Hinata memalingkan wajah dengan kasar saat Kiba hendak mengecupnya kembali. Hati Kiba terasa tercubit karena hal itu, rasanya sakit dan kecewa. Seakan tertampar kuat oleh kenyataan bahwa Hinata tidak menginginkannya. ia pun menyadari jika hal ini murni karena hanya napsunya semata.

Penolakan Hinata cukup menyadarkannya bahwa sampai kapanpun wanita itu tidak akan menjadi miliknya. Bayangan tentang perjuangannya selama ini terasa hanya sia-sia. Ia mencoba menyadarkan sepernuhnya bahwa cinta Hinata baginya hanyalah semu. Terasa sulit tergapai dan tak akan bisa tergapai. Ia sadar akan hal itu, tak akan lagi ia mengikuti ego yang mungkin nanti akan menyiksa batinnya sendiri.

"Pergilah, dia yang selama ini kau cinta ... jangan hiraukan aku, tinggalkan aku disini." Dengan tatapan sendu itu ia layangkan. Lirihnya ucapannya seakan menjelaskan betapa sakit hati dan perasaannya saat ini.

Dengan perlahan Kiba menjauh dan membalik tubuhnya membelakangi Hinata. Sungguh karena ini ia harus menahan malu karena telah berbuat hina seperti tadi. Entah apa yang akan ia lakukan jika harus bertemu dengan Hinata di kemudian hari. Merasa menjadi pria yang paling menjijikan, itulah yang ia rasakan saat ini.

"Maaf atas apa yang sudah ku lakakukan. Pergilah Hinata, temui dia ... bahagialah dengannya" ucapnya sendu.

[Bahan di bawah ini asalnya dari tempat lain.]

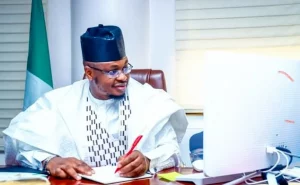 Ex Minister, Pantami, others might go away APC – Social gathering chieftain warns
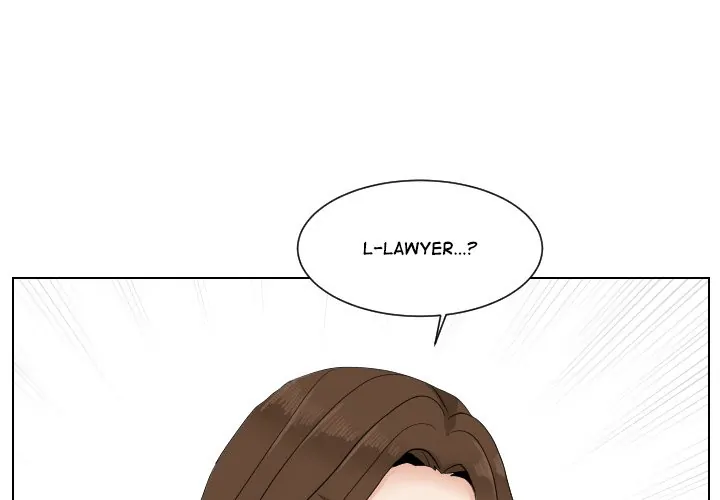 Unrequited Love (official) Chapter 71 - page 4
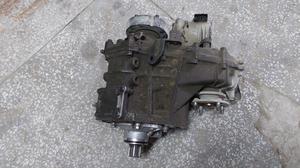 Раздаточная коробка МКПП G8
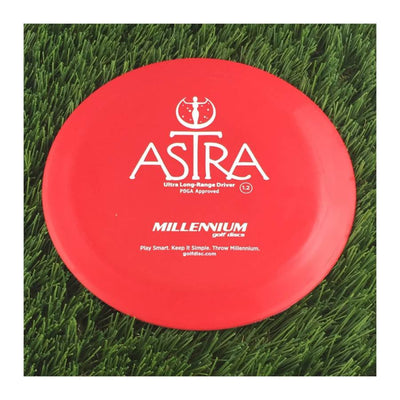 Millennium Millennium Astra Distance Driver - Speed 11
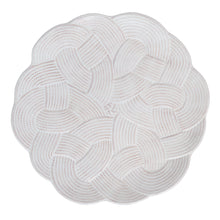 Le Panier Mystic Knot Mystic Knot Charger/Platter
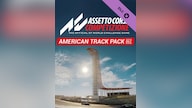 Assetto Corsa Competizione - American Track Pack (PC) - Steam Key - GLOBAL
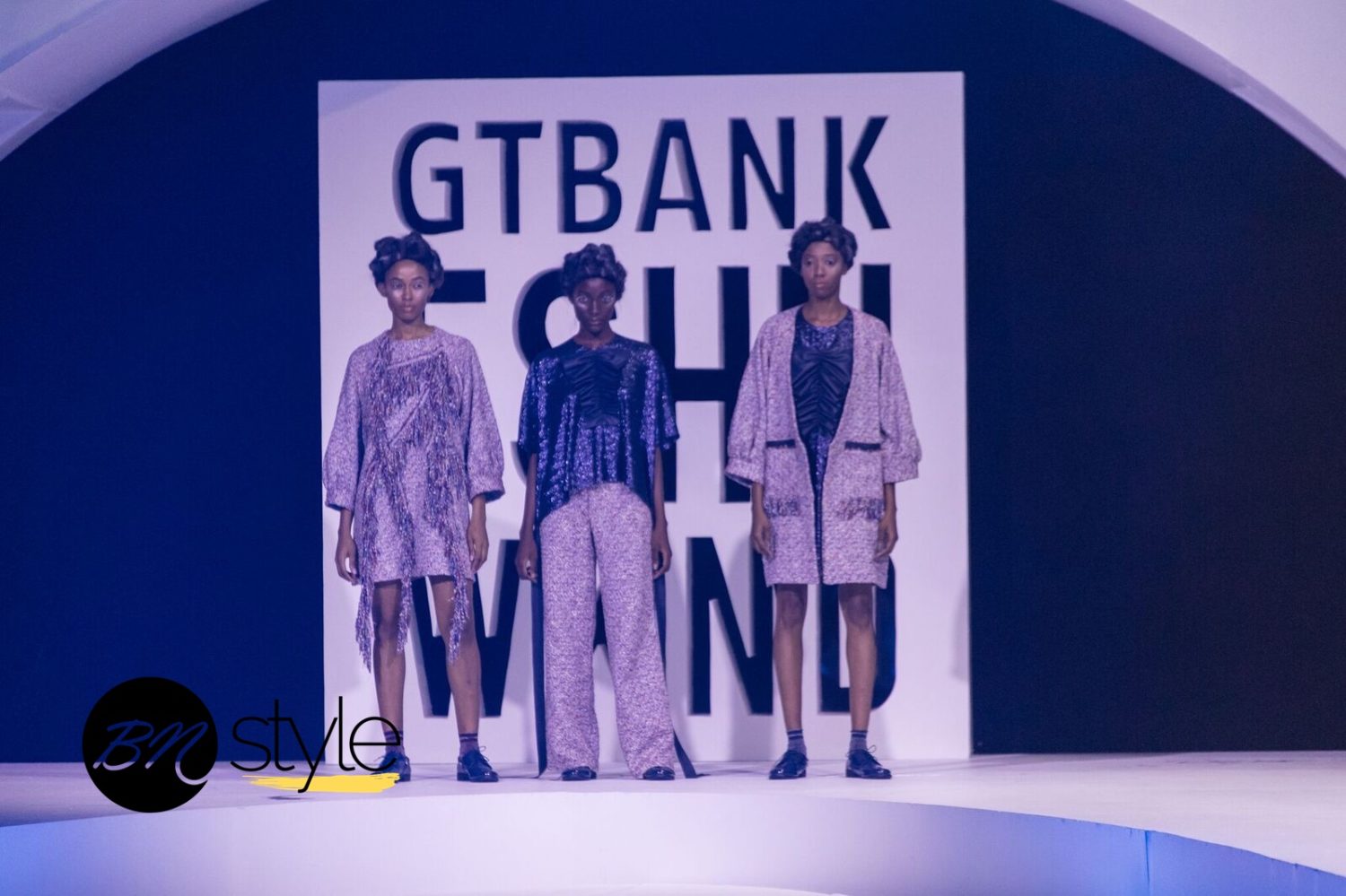 GTBank Fashion Weekend 2018 | IDMA-NOF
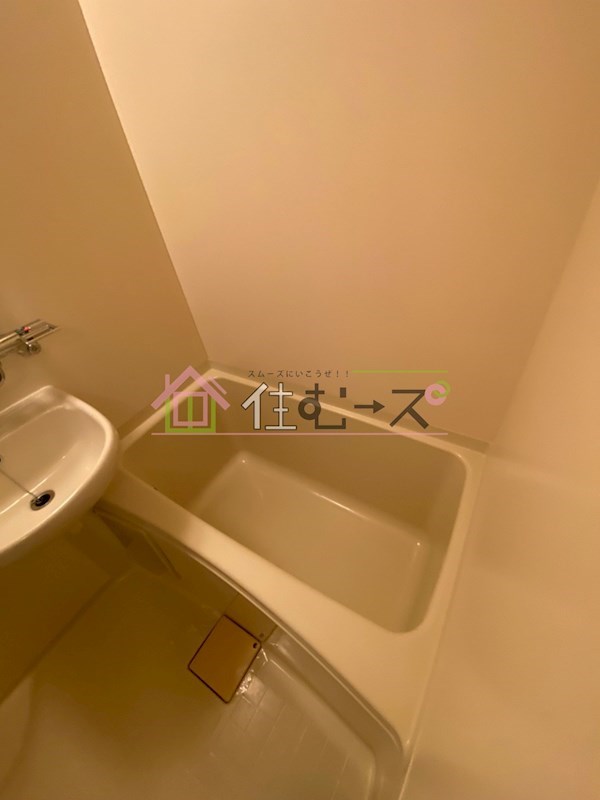 サンライズ細工谷 風呂画像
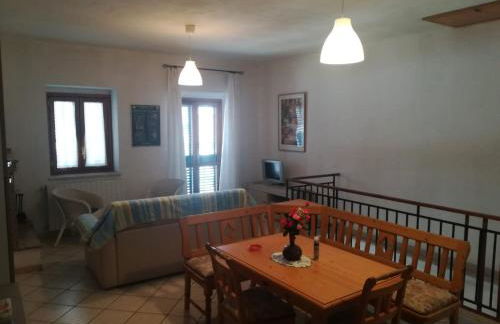 Residenza Marconi - Appartamento nel centro di Verzino - Photo 4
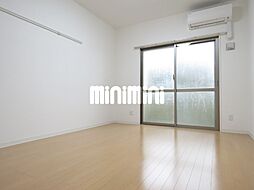 アールズタワー東山公園 4階1Kのリビング/ダイニング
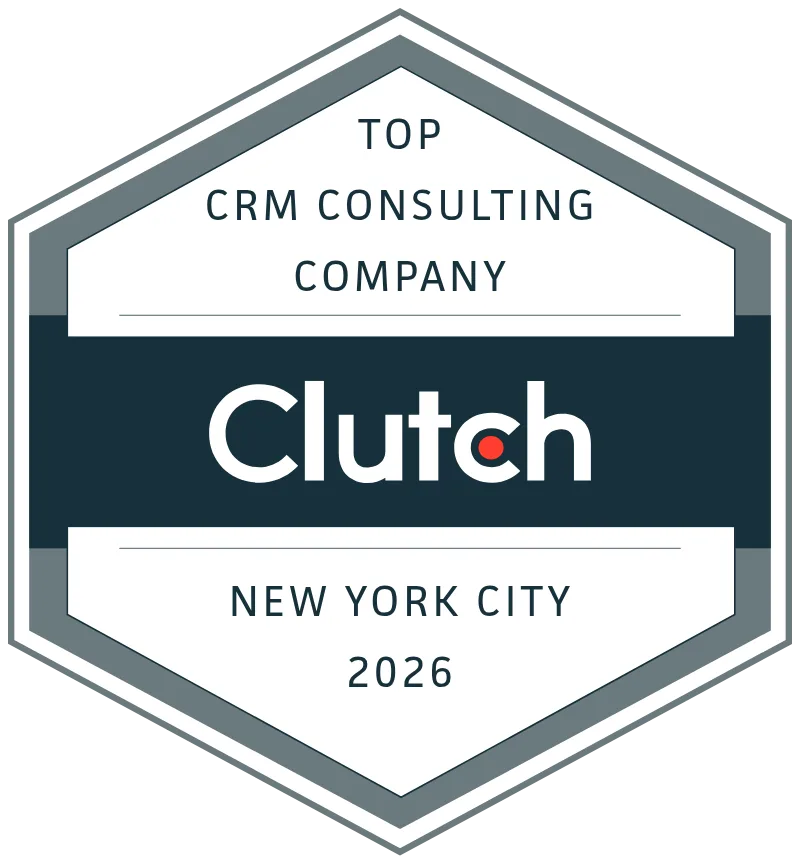 Top CRM Consultants in New York City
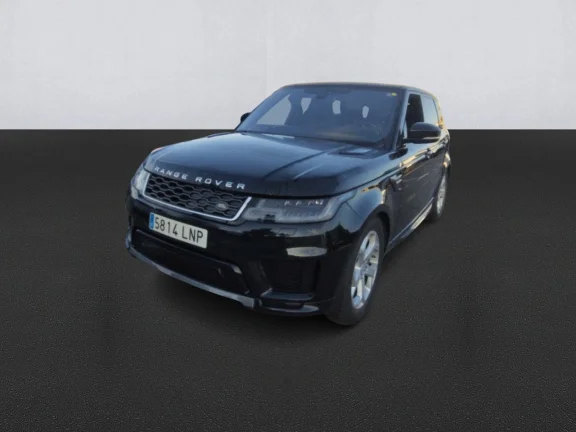 Land Rover RANGE ROVER SPORT 2.0 Si4 PHEV 297kW (404CV) HSE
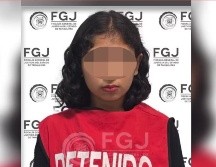 Una jueza decretó que los indicios apuntan a una probable intervención de Danna Yanina 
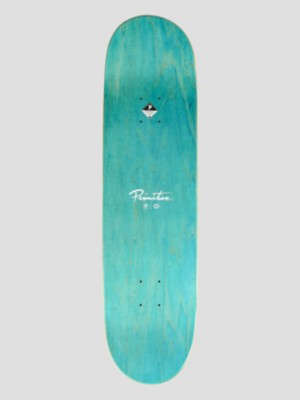 Primitive Dirty P Core 8.5″ Skateboard Deck - buy now | ID-711071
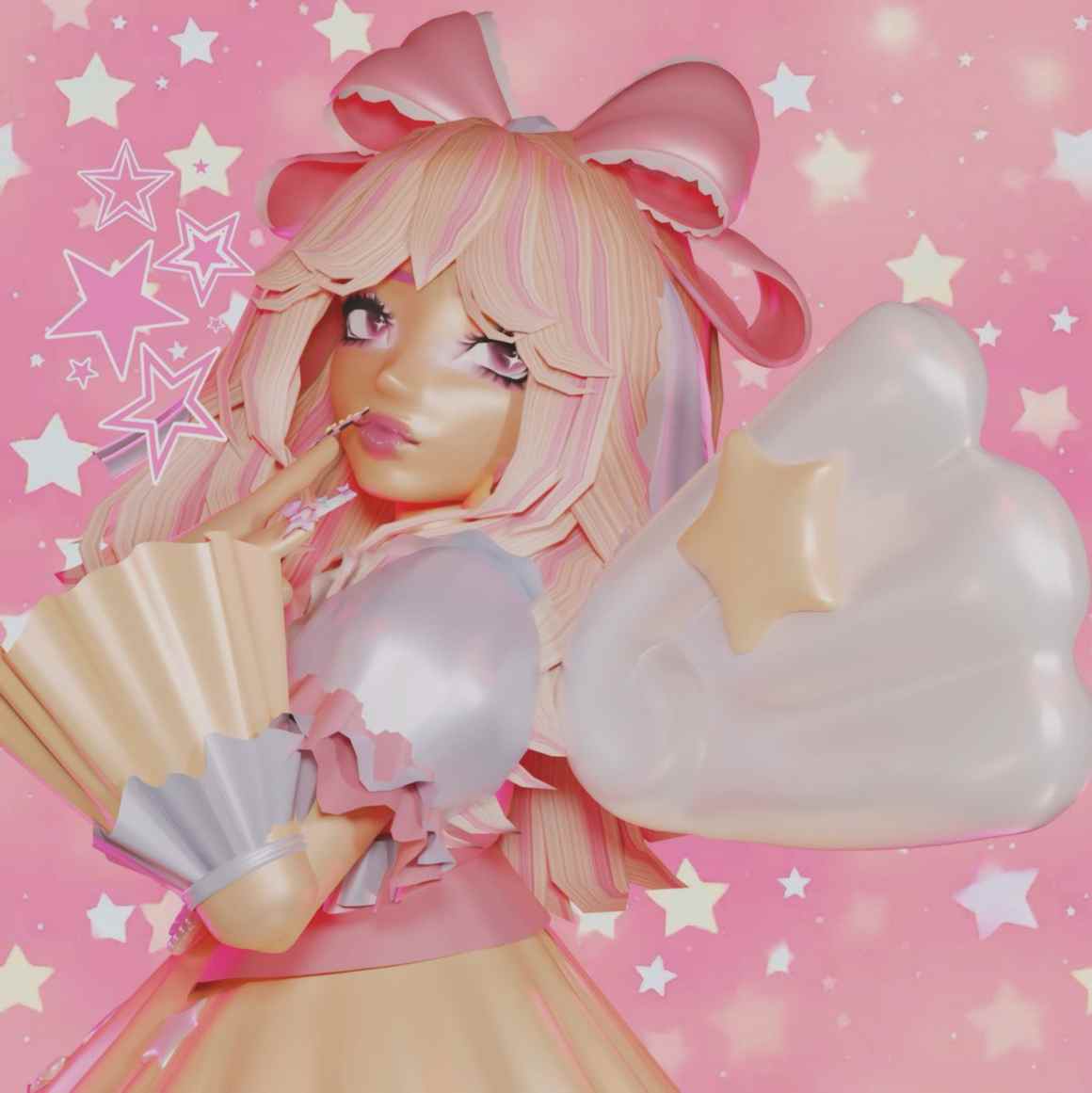 Greetings, it's CCC alpha making headlines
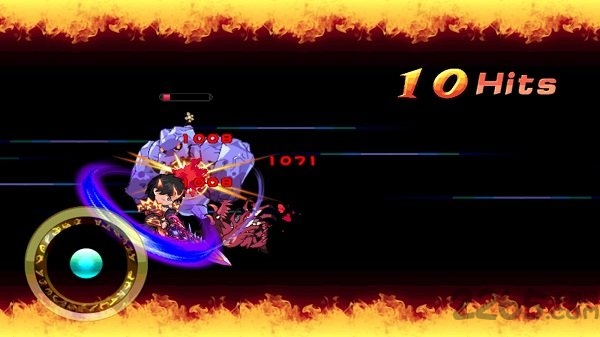 格斗地下城正版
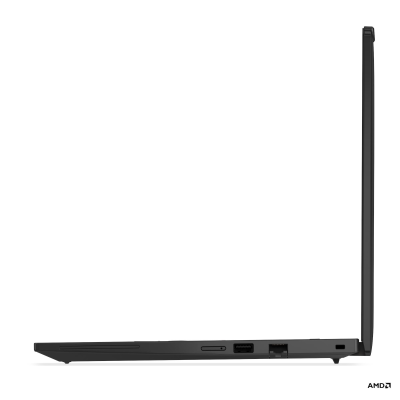 Lenovo ThinkPad T14 G6 (AMD) | Black | 14 " | IPS | WUXGA | 1920 x 1200 pixels | Anti-glare | AMD Ryzen AI 7 PRO | 350 | 32 (2x16) GB | SO-DIMM DDR5 | Solid-state drive capacity 1000 GB | AMD Radeon 860M Graphics | Windows 11 Pro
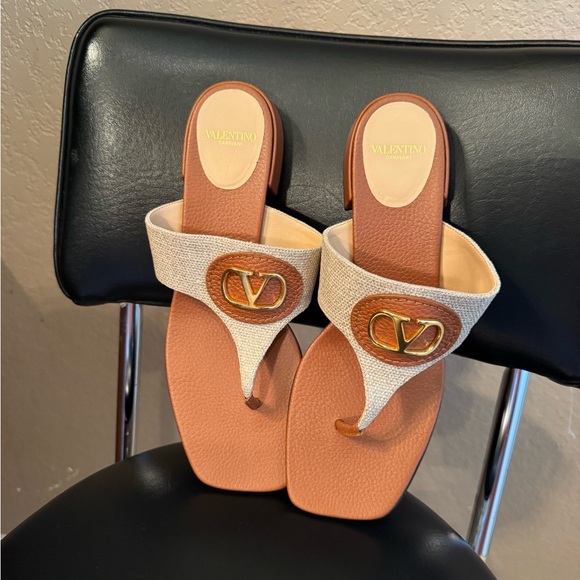 Valentino Garavani Handbags - Valentino Garavani Slippers new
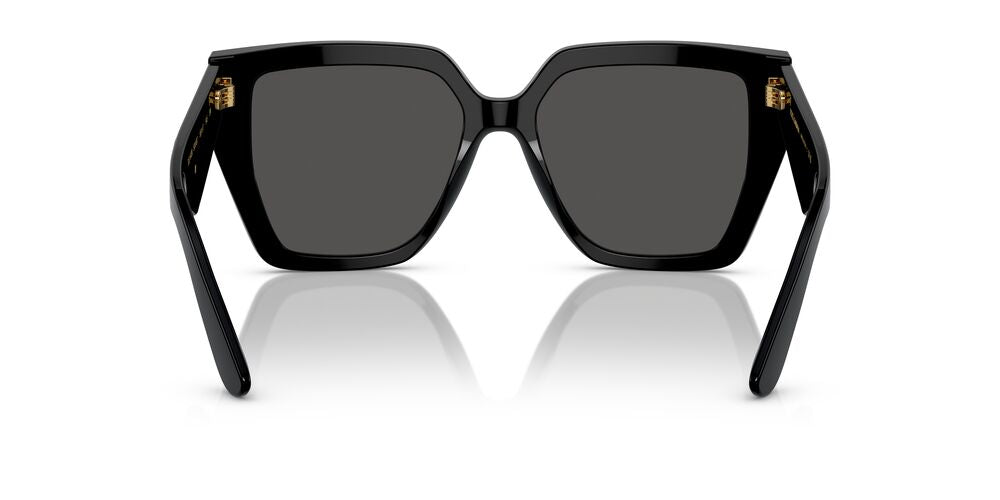 Aros De Sol Dolce & Gabbana Dg4438 Black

Kiba melangkah keluar rumah dan memasuki mobilnya. Melajukan mobilnya dengan kecepatan penuh, namun di seberang jalan ia memilih untuk berhenti. Memarkirkan kendaraannya yang mesinnya belum di matikan. Tak dapat ia tahan air matanya mulai jatuh. Ia menangis tersedu, sungguh sakit semua ini. Entah kutukan apa yang telah di takdirkan untuk kisah cintanya yang menyedihkan ini.

****

Alkohol adalah pilihan yang tepat untuk menemani malamnya yang sepi, mungkin itu lah yang ada di pikiran pria bermarga Uzumaki ini. Ia telah menghabiskan berbotol-botol sake hanya untuk menghilangkan kegundahannya. Telah terlihat, pria itu mabuk dengan pandangan sayu.

Di apartemen pribadinya, ia sendiri di temani sunyi. Kejadian di depan kafe saat itu membuatnya kehilangan akal. Pasalnya ia baru mengetahui bahwa ada pria lain yang menginginkan gadisnya, walau belum ia pastikan bahwa Hiantapun demikian, namun sudah di pastikan rasa cemburu telah membakar hatinya.

Suasana hatinya kian menjadi buruk kala menghubungin Hinata namun tak mendapat jawaban, berkali-kali ia melakukan hal yang sama, namun hasil yang samapun ia dapatkan. "Hinata..." gumamnya sendu.

Memikirkan semua kejadian itu membuat kepalanya bertambah pusing. Dengan posisi duduk di lantai dan bersender di kaki-kaki sofa ia memjamkan matanya, mendongak ke atas seraya membayangkan wajah cantik Hinata. Lamunanya tak lama utuh saat mendengar suara bel berbunyi, entah siapa yang ingin bertamu di malam-malam begini. Yang jelas, orang itu telah merusak waktu senggangnya menikmati wajah cantik Hinata di khayalnya.

Dengan langkah gontai, Naruto mendekati pintu apartemennya. Dengan rasa malas ia membuka knop pintu. Dan saat itu pula ia tak percaya karena yang ia lihat adalah orang yang tak ia harapkan untuk menemuinya.

"Shion, untuk apa kau kesini?"

"Kenapa? Kau tak suka? Aku kesini karena kesepian, kau tahu ... suamiku jarang pulang dan lebih memilih tidur di lain tempat" Shion menuturkan semua keluh kesahnya. Saat itu pula wanita itu menerobos masuk dan menyenggol tubuh lemas Naruto.

"Tentu aku masih ingat alamat apartemenmu, ternyata tidak banyak berubah" Shion mengedarkan pandangan ke seluruh sisi ruangan.

Seketika kepala Naruto menjadi pening. Ia tak kuasa menahan efek mabuknya. Ia pun tak menghiraukan Shion lagi, tak lama matanya terpejam dengan masih berdiri mempertahankan kesadarannya.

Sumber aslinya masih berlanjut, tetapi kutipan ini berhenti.